▸ **Problem**: In the material below, find the line containing "Sticker C'est une" and output it and all lines after it exactly, through the last one, without the pictures.

▸ **Materials provided**:

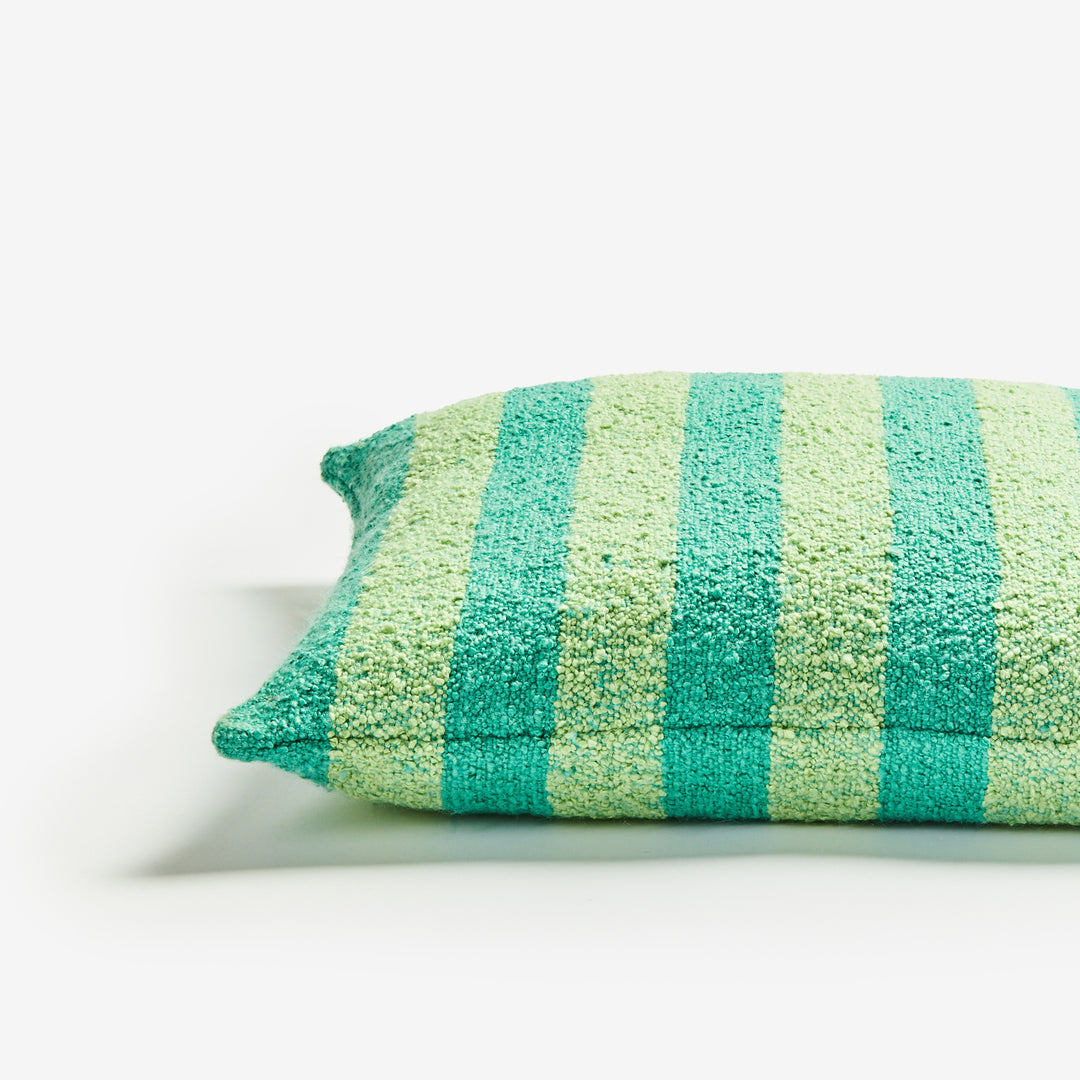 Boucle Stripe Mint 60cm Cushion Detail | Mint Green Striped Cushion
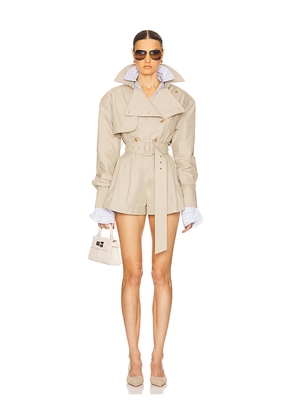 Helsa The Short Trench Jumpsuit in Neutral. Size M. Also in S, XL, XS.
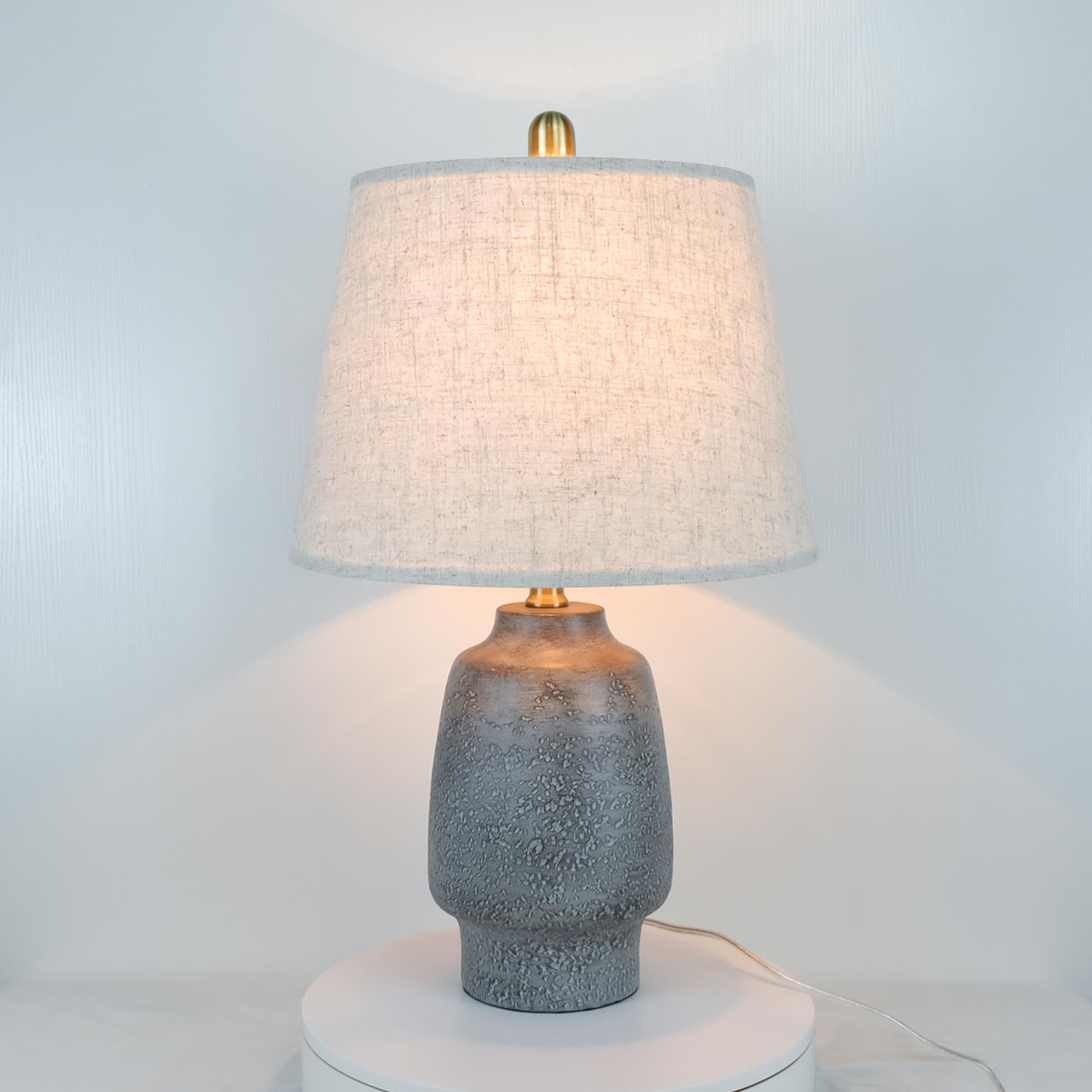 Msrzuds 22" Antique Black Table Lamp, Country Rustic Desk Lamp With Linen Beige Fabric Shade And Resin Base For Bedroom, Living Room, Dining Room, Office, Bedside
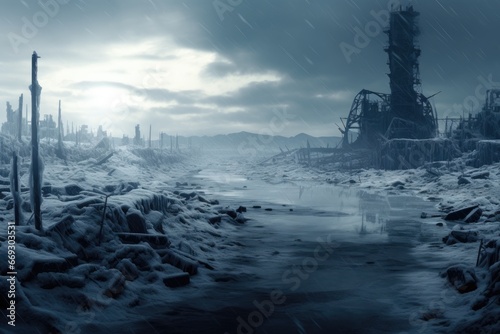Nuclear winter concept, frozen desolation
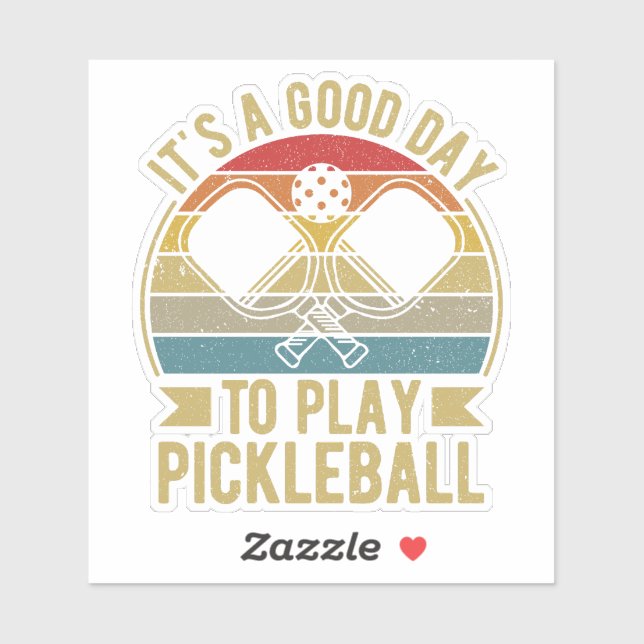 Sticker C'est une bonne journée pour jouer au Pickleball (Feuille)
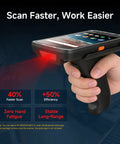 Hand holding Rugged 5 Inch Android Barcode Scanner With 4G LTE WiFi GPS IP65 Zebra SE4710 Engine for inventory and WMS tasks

▸ **Written response**:
 Sticker C'est une bonne journée pour jouer au Pickleball (Feuille)
 Hand holding Rugged 5 Inch Android Barcode Scanner With 4G LTE WiFi GPS IP65 Zebra SE4710 Engine for inventory and WMS tasks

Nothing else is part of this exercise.